CONCORD, N.H. – A small Catholic university in southern New Hampshire is becoming the latest college to offer a money-back guarantee of sorts to its students.
Rivier University, which has a total student population of about 2,600 in Nashua, has created an “Employment Promise Program” that will be available to full-time undergraduates starting with the class of 2020. Students are guaranteed to land a job within nine months of graduation, or the school with either pay their federally subsidized students loans for up to a year or enrol them in up to six master’s degree courses tuition-free.
“We want to send a message that we recruit not just for the first year, but we’re a partner throughout an educational experience with students,” university president Sister Paula Marie Buley said.
“The Rivier Employment Promise is really the university’s commitment to partner with students in the classroom, on campus, in the community and ultimately, a career,” she said.
The university typically has about 200 incoming freshman each year, and Buley expects most of them to participate in the program. Students must maintain a 3.0 minimum grade point average and participate in a variety of activities, including career counselling, community service and internships. In return, the university will provide specialized academic and career action plans designed to enhance a student’s employability.
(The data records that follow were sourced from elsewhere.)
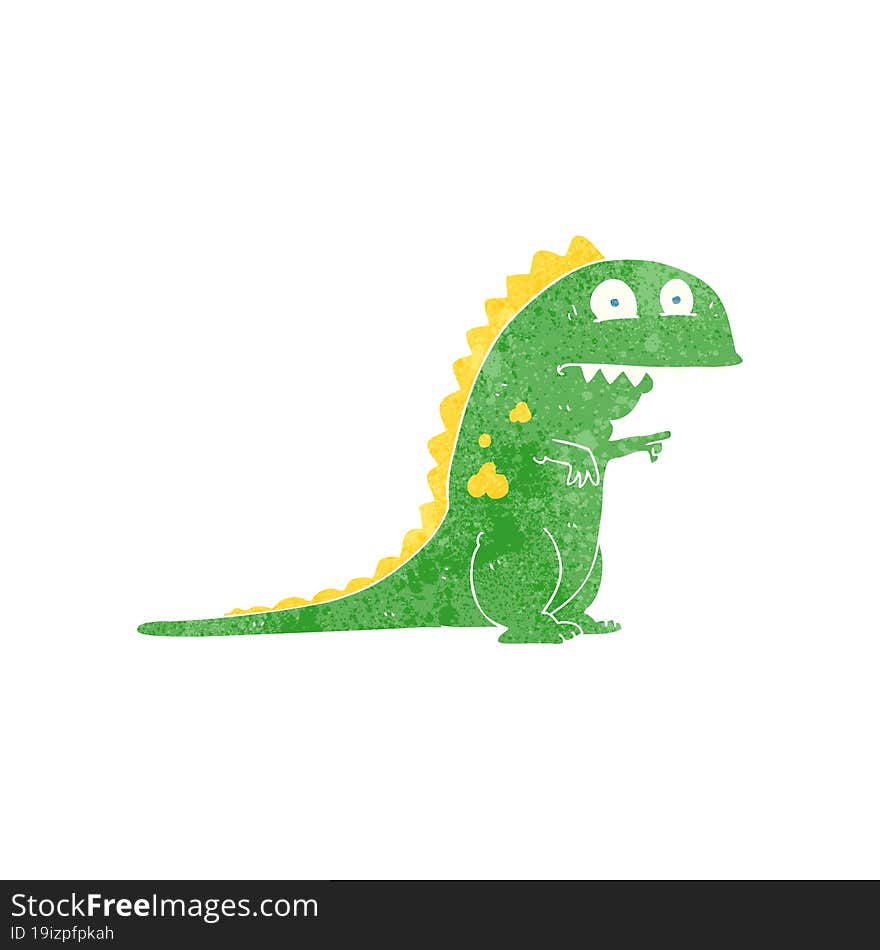 retro cartoon dinosaur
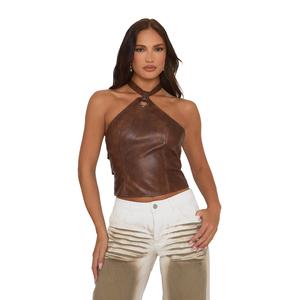 Margie Womenswear Rebellious Fashion Faux Leather Halter Top
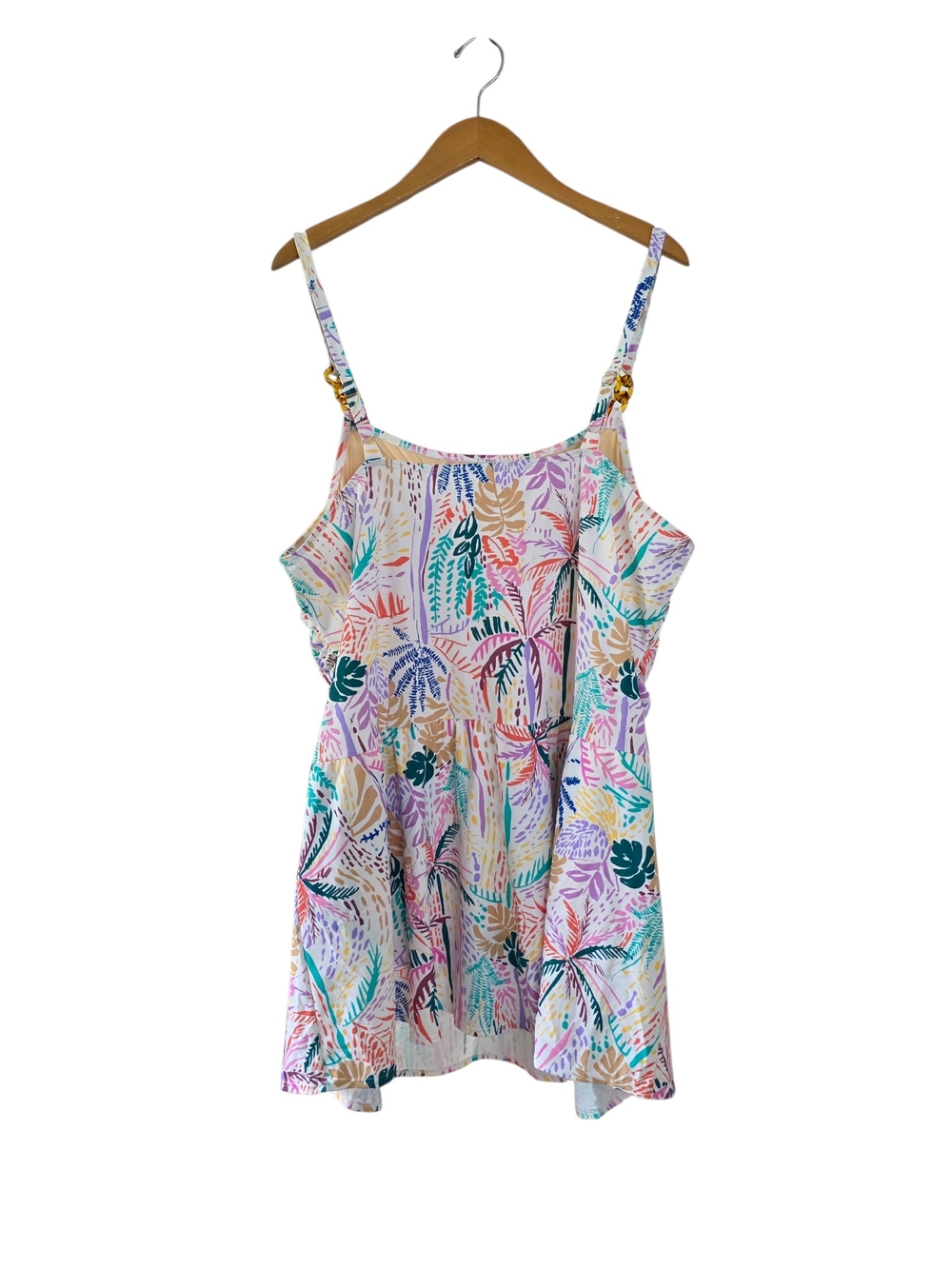 Susan Graver Soleil Ruched Tropical Print One-Piece Swimsuit Swim Dress 30W - Picture 3 of 5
“We’re focusing on the goal of an undergraduate education — the academic rigour, the values, the skill set, the ability to work with other people, to communicate ideas — and we give students ways to practice all their skills while they’re still at the university,” Buley said.
While the Rivier program is the first of its kind in New Hampshire, colleges and universities around the country offer similar deals. In Waterville, Maine, Thomas College pays federal student loans for up to a year or offers free master’s degree courses to students who follow certain steps as undergraduates and don’t get jobs related to their majors within six months of graduation. Capitol College in Laurel, Maryland, guarantees qualified graduates a job with a competitive salary within 90 days of graduation or the school will provide up to 36 additional undergraduate credits. And Adrian College in Michigan pays some or all student loan payments until graduates make $37,000 a year.
When the latter program was launched in 2014, college officials framed it as a solution to skyrocketing tuition costs and student loan defaults. At Rivier, where the annual undergraduate tuition is $28,800, Buley said the program also is aimed at reassuring parents that the significant cost is worth it.
“We know that they are very interested in the career preparation and the employability of their students in all academic disciplines,” she said. “I think you see even more today that parents and students are in partnership in selecting an institution, and this really speaks to the interests of both parents and students.”
For Rivier University class of 2014, 95 per cent were either employed, in graduate school or in the military six months after graduation, she said.